Indian politician (born 1975)

Damacharla Janardhana Rao (born 20 January 1975) is an Indian Politician and Member of Legislative Assembly, Ongole from Telugu Desam Party, Andhra Pradesh.

==Early life==
He is the grandson of the former Minister, Damacharla Anjaneyulu. He did his schooling and Intermediate in Vignan College at Vadlamudi. He did his BTech in P.E.S from Institute of Technology (PES University) at Bangalore in 1998.

==Political career==

He started his political career in TDP and has elected as Prakasam district TDP Party President in 2010 and from then until present date he is carrying the Party in the District. He expected Kondepi Constituency MLA ticket from TDP in 2009 which was vacant due to death of his grandfather, but the seat was reserved to SC in de limitation therefore he did not contest in 2009 election.
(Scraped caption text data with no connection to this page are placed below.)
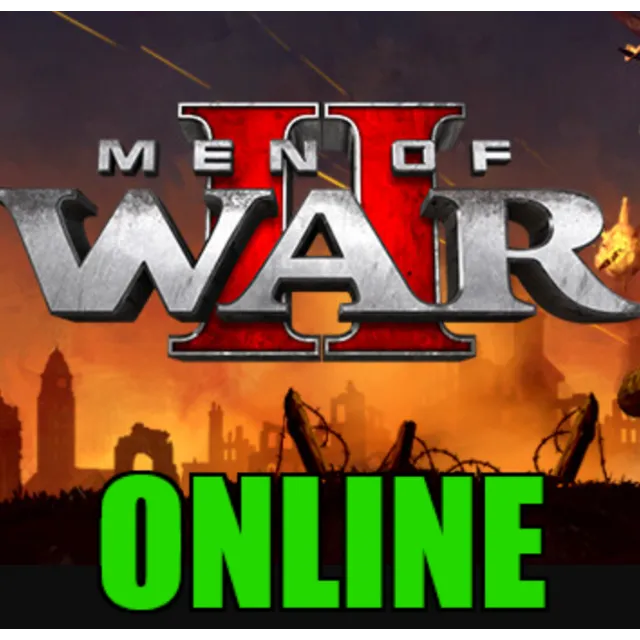 ・MEN OF WAR II — ОНЛАЙН ・STEAM АККАУНТ + ИГРЫ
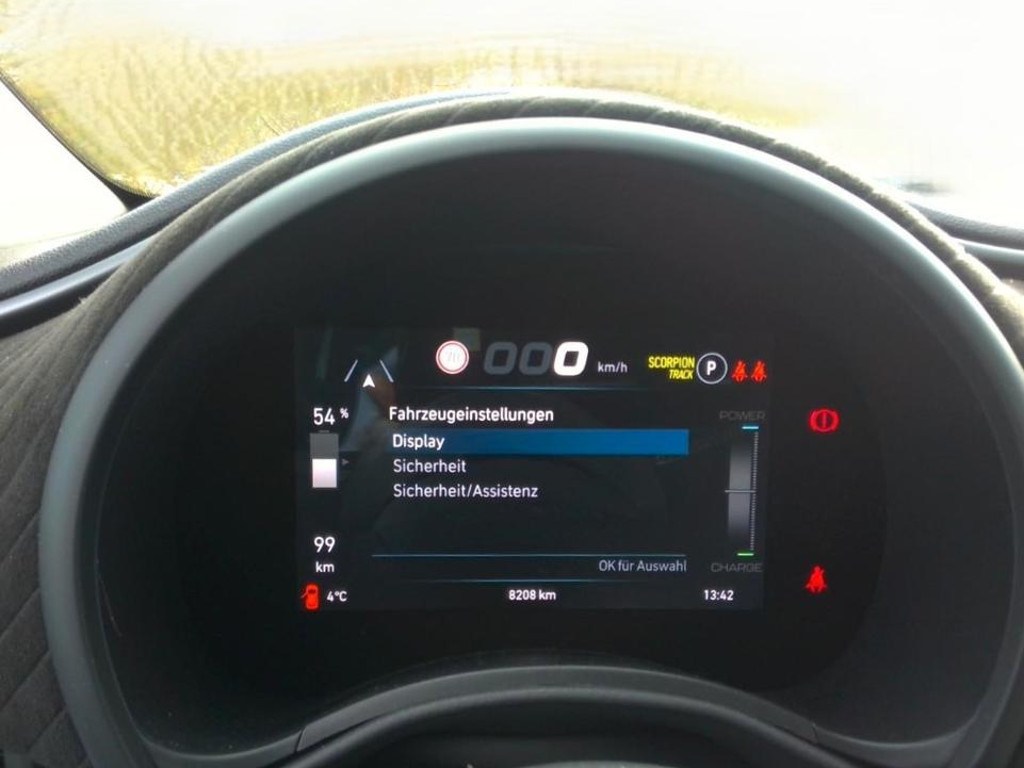 Abarth 500e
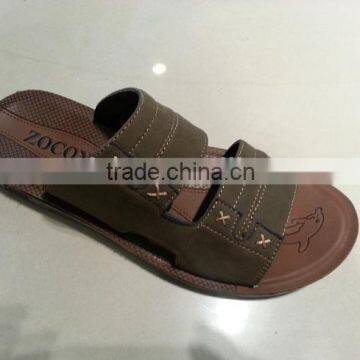 new cheap comfortable pu slipper for men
He contested from Ongole By election in 2012 and lost against Balineni Srinivasa Reddy later in 2014 Andhra Pradesh Legislative Assembly election he won from the same Ongole Assembly Constituency against Balineni Srinivasa Reddy with a good majority of 12,428 votes. After that in the 2019 he was defeated by his arch-rival Balineni Srinivasa Reddy. In the 2024 Andhra Pradesh Legislative Assembly elections, Damacharla Janardhana Rao again won as MLA, Ongole against Balineni Srinivasa Reddy with a majority of 34026 votes.